LE LAMARCKISME ET L’HÉRÉDITÉ DES QUALITÉS PROFESSIONNELLES

L’apologie du régime des castes repose sur cette idée, que les habitudes acquises par les pères tendent à constituer autant d’aptitudes innées chez les fils, et que ceux-ci naîtront, par suite, d’autant plus propres à l’exercice d’une fonction que leur famille l’aura depuis longtemps monopolisée. En un mot c’est par la puissance d’enregistrement des habitudes héréditaires qu’on justifie l’accouplement des métiers et des lignées : les piliers du régime ne sont autres, semble-t-il, que les lois mêmes dressées par Lamarck au seuil du siècle.

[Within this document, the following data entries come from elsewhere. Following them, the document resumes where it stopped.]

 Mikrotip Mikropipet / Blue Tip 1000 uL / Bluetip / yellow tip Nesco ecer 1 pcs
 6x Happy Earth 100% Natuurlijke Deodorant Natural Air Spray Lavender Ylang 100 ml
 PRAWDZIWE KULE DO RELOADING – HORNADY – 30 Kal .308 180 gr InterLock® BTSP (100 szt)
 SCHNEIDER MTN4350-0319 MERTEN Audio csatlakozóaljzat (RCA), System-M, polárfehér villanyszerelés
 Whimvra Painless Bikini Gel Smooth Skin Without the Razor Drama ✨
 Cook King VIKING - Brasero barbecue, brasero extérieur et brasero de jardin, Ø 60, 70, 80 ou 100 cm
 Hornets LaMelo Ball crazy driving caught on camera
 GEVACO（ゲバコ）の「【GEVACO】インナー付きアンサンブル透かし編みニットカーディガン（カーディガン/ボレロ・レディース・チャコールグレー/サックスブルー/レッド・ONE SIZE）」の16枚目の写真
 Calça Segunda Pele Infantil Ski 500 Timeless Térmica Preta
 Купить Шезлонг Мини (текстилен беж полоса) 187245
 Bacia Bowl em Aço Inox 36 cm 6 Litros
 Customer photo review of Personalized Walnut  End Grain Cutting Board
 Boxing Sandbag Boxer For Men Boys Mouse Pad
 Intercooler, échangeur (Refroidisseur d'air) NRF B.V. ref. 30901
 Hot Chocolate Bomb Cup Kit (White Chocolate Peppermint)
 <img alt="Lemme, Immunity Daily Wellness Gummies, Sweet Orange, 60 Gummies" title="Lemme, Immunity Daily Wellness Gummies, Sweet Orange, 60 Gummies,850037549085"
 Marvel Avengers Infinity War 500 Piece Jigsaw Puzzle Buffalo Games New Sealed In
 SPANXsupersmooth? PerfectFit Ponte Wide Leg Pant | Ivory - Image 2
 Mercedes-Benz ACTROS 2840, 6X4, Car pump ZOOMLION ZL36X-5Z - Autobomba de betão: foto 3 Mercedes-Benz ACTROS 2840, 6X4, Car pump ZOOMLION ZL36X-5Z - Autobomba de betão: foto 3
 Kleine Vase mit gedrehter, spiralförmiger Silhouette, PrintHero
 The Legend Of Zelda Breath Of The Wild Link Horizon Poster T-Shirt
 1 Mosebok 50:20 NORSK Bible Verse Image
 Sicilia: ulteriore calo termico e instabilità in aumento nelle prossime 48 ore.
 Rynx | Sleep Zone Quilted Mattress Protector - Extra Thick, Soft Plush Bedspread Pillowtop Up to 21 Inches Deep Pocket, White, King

« Un manouvrier, assure M. Topinard, lève tant de kilogrammes, et arrive par son expérience à tripler le chiffre ; son fils, s’il lui ressemble et s’il se livre au même travail, atteindra un chiffre plus élevé, et léguera à son fils la disposition à monter plus haut encore[1]. » Et ce qu’on affirme ainsi des professions manuelles doit être vrai des professions intellectuelles. Schmoller lui-même paraît admettre[2] qu’il se forme dans tous les ordres, par la spécialisation continuée des activités, de véritables différenciations des individus, dont les différences de rang ou de richesse ne seraient que

  1. Anthropologie et science sociale, p. 294.
  2. Dans le Grundriss der allgemeinen Volkswirthschaftslehre (I, p. 393, 396), on trouve atténuée, mais non abandonnée, la thèse soutenue dans le Jahrbuch fur Gesetzgebung, XIV.